Mais il n’a pas manqué de rappeler l’autre orientation forte de la stratégie gouvernementale en matière de soutien à l’export : sa mise en cohérence avec l’objectif de transition écologique porté par le Plan de Relance, qui y consacrera 30 milliards d’euros (sur un total de 100 milliards).
La question environnementale sera une des priorités de la présidence française du conseil de l’Union européenne, à partir du 1er janvier 2022, et la France soutient la mise en place, au niveau européen, d’une taxe carbone aux frontières. Mais si les États doivent donner l’impulsion, les entreprises doivent être « responsabilisées », a indiqué Franck Riester : c’est l’objet du « verdissement des financements export », dont l’efficacité passera aussi par « l’augmentation des standards des acteurs privés » dans ce domaine.
Bruno Le Maire l’avait précédé dans cette voie. Pour le ministre de l’Économie et des finances, au-delà de la conjoncture, la relance « doit être verte », et les soutiens à l’export de l’État devront de plus en plus favoriser les projets d’exportation qui servent le développement durable et contribuent à la lutte contre le changement climatique.

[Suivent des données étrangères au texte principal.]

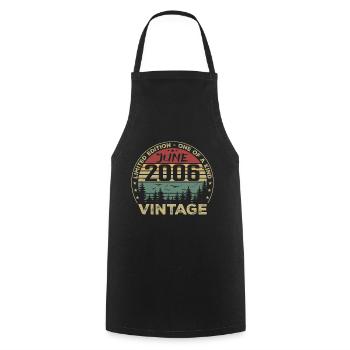 Gift June 2006 Birthday June 2006 June 2006 - Cooking Apron - black - Front - AI Model Male 185 dark (185cm)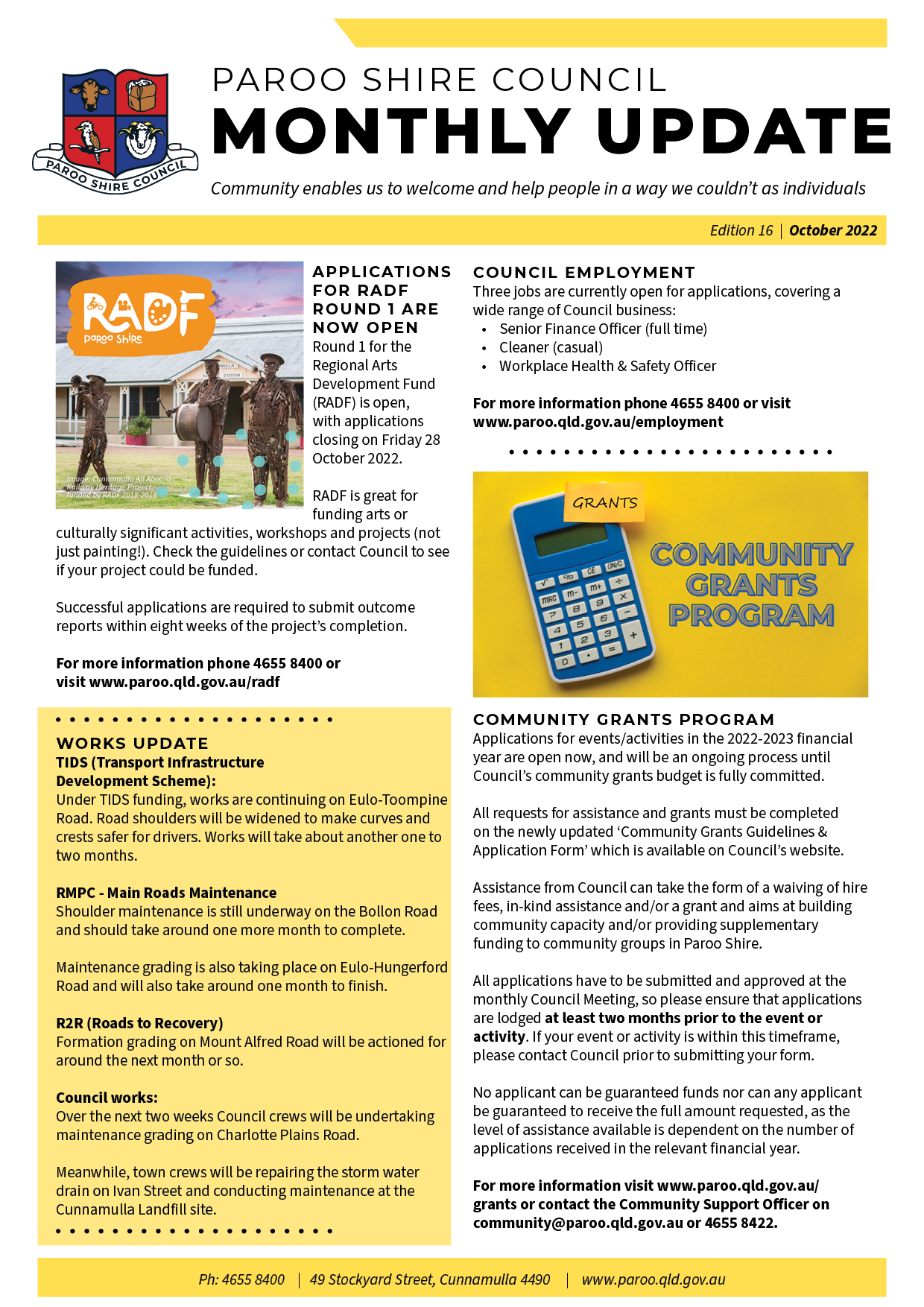 Oct newsletter a4 page 1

Dogger Bank, le projet qui coche toutes les cases
Le ministre de l’Économie et des finances ne s’est pas privé de rappeler que la France a été le premier pays au monde à se doter d’un plan climat pour ses financements export et à inscrire dans une loi, la Loi de finance pour 2021, un calendrier précis d’arrêt des financements export pour les projets d’exploration et de production pétroliers et gaziers (qui s’étale du 1er janvier 2021 au 1er janvier 2035), une exclusion des projets aggravant l’intensité carbone des mix énergétiques des pays, et la mise en place d’incitations via des « bonus climatiques » aux entreprises porteuses de projets durables (selon la taxonomie européenne).
A cet égard, l’un des témoignages d’entreprises présentés dans de courtes vidéos durant la matinée coche toutes les cases de cette taxonomie en cours de construction : celui de Steven Curet, de GE Renewable Energy, sur le projet de parc éolien offshore géant de Dogger Bank (280 éoliennes en mer, 3,6 GW de capacité), au large des côtes du nord est du Royaume-Uni.
Cette filiale française de GE, tête de pont d’une nouvelle filière industrielle de l’éolien offshore, a remporté le marché des éoliennes de la troisième phase de ce projet, avec son modèle de turbines géantes de dernière génération Haliade-X (notre photo). Celles-ci seront produites par ses ateliers de Cherbourg (pales) et Saint-Nazaire (nacelles et générateurs). L’État, via Bpifrance assurance export, a pris en garantie les deux premières tranches de financement de cette opération, ce qui a « permis d’atteindre le closing » s’est réjoui le responsable.
Les « bonus » dont bénéficieront les projets d’exportation en quête de financement validés comme « durables », sont loin d’être négligeables : pour les prêts du Trésor, exigences de part française réduite de 70 à 60 % pour les prêts concessionnels, de 50 à 35 % pour les prêts directs ; quotité garantie portée à 85 % pour l’assurance-crédit export (avec seulement 20 % de part française) et possibilité de prise en garantie de projets de montant inférieur à 50 millions d’euros pour prendre en compte ceux des PME et ETI ; enveloppe d’assurance prospection réservée aux entreprises de la filière énergies renouvelables…
Les entreprises exportatrices ne doivent pas s’y tromper : cette orientation des soutiens de l’État vers les projets « verts » va inspirer – inspire déjà – tout le dispositif d’aide à l’exportation, qu’il s’agisse des mécanismes existants comme des mesures qui ont été mises en place dans le cadre du volet export du plan de relance, aujourd’hui toutes opérationnelles.